A chamada praça do Ciclista, ponto de encontro de cicloativistas, passou a
receber o cultivo de hortaliças em outubro passado. A rega é feita todas as
tardes por seis voluntários, que se revezam na manutenção da horta, sem
cercas protetoras, rodeada por vias entre as mais movimentadas da cidade.
Ainda assim, plantas sem viço e uma sujeira aqui e ali podem dar a
impressão de certo ar de abandono.
Na horta do BNH, na Vila Madalena, as plantas são espalhadas por pontos
dispersos na praça. A ausência de cercas permite que cachorros transitem
por ali, livremente. O mesmo se observa na horta da Nascente, na Pompeia.
Além de receber ajuda em mutirões semanais, os voluntários fazem parte de
um grupo que cuida de outras hortas comunitárias na cidade, os Hortelões Urbanos.
O grupo se formou pouco antes da criação da horta das Corujas, que
ocupa 800 m2 da praça Dolores Ibarruri, na Vila Beatriz. Isolado do
conglomerado urbano por árvores, o espaço é o mais bem organizado
desse movimento.
Seus organizadores estão entre os poucos que estabeleceram um acordo,
ainda que informal, com a subprefeitura e mantêm diálogo aberto com o poder público.
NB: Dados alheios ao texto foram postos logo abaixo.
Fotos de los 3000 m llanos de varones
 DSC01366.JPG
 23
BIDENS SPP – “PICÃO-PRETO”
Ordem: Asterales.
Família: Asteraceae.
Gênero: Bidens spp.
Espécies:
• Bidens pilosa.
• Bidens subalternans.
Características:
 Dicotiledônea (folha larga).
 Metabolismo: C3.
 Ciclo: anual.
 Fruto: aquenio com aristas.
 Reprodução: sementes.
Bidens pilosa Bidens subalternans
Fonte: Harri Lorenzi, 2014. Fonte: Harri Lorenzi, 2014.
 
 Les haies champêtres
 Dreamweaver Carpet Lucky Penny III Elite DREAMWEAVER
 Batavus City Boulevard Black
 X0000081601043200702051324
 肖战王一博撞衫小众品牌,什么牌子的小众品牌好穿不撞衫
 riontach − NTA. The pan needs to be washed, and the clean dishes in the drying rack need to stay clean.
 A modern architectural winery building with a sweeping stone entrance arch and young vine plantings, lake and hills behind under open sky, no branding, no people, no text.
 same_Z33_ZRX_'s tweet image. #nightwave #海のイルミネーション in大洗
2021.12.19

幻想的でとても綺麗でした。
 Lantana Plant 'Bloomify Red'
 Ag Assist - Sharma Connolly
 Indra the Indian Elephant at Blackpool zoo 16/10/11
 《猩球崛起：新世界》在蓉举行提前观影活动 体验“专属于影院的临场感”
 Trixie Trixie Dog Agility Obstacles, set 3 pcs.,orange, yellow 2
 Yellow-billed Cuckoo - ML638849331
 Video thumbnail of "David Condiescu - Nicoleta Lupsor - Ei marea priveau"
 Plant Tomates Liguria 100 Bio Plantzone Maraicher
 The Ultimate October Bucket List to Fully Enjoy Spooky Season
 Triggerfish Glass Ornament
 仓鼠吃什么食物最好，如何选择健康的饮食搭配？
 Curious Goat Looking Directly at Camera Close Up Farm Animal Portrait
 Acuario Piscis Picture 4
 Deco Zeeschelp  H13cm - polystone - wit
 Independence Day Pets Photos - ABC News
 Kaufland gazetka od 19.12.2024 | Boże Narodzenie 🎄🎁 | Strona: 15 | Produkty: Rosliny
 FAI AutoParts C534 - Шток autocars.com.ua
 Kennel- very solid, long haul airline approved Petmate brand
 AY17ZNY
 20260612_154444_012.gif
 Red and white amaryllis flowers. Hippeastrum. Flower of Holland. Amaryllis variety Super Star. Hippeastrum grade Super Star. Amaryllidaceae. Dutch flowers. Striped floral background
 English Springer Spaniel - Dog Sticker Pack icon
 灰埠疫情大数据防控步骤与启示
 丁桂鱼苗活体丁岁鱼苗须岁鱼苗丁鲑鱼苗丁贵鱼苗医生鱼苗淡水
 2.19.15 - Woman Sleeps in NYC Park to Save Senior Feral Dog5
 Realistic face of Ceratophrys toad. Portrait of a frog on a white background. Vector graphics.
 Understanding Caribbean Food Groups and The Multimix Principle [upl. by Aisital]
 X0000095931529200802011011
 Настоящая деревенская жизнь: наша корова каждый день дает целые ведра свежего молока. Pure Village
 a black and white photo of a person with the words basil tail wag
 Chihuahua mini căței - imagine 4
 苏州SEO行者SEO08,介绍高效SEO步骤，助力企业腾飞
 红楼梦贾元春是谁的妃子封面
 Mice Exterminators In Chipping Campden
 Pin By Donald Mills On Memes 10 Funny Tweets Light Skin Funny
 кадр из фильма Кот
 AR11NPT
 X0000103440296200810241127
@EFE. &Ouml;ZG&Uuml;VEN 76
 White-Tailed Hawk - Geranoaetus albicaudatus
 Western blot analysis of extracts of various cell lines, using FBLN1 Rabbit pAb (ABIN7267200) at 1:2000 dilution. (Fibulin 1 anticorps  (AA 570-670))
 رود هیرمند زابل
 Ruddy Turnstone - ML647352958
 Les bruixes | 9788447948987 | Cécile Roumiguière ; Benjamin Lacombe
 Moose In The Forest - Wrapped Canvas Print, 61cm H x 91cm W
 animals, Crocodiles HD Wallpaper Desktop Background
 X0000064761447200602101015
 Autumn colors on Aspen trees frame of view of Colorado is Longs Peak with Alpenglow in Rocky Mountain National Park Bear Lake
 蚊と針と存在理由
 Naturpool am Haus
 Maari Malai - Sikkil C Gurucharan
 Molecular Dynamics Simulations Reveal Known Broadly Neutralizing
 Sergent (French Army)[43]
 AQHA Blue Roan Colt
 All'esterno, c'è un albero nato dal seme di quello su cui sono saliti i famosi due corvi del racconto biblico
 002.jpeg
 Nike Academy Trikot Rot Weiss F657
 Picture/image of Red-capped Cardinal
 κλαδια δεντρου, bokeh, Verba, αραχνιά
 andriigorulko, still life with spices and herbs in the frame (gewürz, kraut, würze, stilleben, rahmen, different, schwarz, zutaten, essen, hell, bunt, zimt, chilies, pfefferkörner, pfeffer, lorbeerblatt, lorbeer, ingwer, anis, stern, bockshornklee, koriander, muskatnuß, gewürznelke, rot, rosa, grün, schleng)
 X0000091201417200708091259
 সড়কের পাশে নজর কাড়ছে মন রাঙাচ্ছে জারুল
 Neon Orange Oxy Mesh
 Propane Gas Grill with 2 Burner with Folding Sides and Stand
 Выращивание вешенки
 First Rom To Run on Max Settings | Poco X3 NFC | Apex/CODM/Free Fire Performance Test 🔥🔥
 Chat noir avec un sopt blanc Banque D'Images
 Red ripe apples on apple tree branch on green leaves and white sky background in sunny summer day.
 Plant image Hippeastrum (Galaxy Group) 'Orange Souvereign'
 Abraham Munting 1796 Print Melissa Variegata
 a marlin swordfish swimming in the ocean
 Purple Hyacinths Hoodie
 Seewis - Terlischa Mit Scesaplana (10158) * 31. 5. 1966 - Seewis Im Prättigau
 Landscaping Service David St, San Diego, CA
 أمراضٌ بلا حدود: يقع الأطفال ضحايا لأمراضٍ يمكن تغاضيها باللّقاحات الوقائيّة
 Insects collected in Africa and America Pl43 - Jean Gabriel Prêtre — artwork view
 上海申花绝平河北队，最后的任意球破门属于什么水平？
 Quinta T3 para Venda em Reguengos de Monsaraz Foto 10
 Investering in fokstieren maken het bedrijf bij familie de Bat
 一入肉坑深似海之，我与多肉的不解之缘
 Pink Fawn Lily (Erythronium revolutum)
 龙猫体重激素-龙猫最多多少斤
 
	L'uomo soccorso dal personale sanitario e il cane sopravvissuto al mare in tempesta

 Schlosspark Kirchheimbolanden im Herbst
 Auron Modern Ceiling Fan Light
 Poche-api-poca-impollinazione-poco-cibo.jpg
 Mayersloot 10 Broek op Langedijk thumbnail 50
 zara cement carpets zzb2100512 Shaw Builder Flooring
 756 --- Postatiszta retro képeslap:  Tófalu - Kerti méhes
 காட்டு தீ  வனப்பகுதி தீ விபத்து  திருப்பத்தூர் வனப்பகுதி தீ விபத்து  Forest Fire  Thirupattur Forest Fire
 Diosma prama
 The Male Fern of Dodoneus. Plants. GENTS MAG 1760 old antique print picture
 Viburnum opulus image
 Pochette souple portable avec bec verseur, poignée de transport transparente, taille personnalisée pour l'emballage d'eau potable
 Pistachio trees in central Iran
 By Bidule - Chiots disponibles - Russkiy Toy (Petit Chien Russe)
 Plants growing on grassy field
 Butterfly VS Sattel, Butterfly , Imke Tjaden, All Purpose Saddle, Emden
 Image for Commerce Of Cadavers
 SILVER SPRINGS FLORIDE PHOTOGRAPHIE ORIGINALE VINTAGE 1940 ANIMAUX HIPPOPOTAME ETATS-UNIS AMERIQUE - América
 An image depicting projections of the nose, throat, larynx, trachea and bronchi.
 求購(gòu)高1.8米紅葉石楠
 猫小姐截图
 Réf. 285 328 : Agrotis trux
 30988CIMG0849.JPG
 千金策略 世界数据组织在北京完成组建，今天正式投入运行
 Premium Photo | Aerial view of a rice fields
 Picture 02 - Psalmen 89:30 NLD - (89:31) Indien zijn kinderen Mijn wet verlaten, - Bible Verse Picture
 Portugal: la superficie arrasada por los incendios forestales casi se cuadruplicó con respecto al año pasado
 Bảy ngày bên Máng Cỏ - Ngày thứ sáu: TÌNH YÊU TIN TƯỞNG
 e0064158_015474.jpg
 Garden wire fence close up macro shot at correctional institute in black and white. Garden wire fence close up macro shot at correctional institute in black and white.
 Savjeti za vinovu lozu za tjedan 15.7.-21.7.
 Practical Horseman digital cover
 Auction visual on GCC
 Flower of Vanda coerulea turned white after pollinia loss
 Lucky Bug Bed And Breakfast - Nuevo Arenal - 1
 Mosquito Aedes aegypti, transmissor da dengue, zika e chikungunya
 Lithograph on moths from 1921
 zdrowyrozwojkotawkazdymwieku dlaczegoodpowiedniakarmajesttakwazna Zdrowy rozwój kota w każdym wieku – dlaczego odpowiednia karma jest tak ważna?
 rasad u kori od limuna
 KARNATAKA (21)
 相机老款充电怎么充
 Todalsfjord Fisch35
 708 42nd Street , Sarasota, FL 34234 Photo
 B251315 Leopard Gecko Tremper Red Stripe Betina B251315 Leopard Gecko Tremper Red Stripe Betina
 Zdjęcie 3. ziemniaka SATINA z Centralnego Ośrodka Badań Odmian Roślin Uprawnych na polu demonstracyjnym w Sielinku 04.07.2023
As demais hortas visitadas pela reportagem ainda não haviam
estabelecido acordos com a prefeitura.
Antes de começar a plantar, os voluntários da horta das Corujas
bancaram análises do solo e da água. E um documento define
diretrizes para a manutenção.
Os canteiros foram protegidos por uma cerca baixa, para evitar a
circulação de animais -mas sem cadeado, para que os interessados
circulem livremente.
A voluntária Claudia Visoni cuida da horta das Corujas
Uma placa informa regras como a proibição do cultivo de árvores frutíferas
(propícias para a formação de arbustos) e as datas de mutirões.
O que é cultivado ali vai para a mesa de muita gente do bairro.
“Nunca tinha comido um feijão que eu tinha plantado. Sentei para
debulhar com a minha filha e foi muito gostoso”, conta a jornalista
Claudia Visoni, 47, uma das envolvidas na iniciativa.
A colheita não tem regras definidas, mas o dia a dia desses espaços
leva a sério a ideia de comunitário.
Ainda que utensílios, mudas e adubo cheguem às vezes por meio
de doações, são os próprios voluntários que se mobilizam para conseguir os materiais.
Além de produzir alimentos, essas hortas podem ter outros usos.
Na da Vila Anglo, na Pompeia, os organizadores promovem oficinas
de educação ambiental com crianças do bairro.
A COLHEITA É LIVRE
Em geral, a colheita nas hortas comunitárias de São Paulo é livre.
Qualquer pessoa que encontrar algo maduro pode pegar, independentemente
de ter colaborado com o cultivo, e sem restrições de quantidade.
Na maior parte das vezes, também não há data específica para a colheita.
Nem mesmo os mutirões se concentram nessa etapa -priorizam a manutenção do espaço.
Em outros casos, porém, uma pessoa fica encarregada de recolher a safra e dividi-la.
Na horta da Vila Nova Esperança, a líder comunitária Lia de Souza distribui
as hortaliças entre as famílias interessadas. O mesmo acontece no espaço
da Vila Industrial, onde os responsáveis centralizam a distribuição.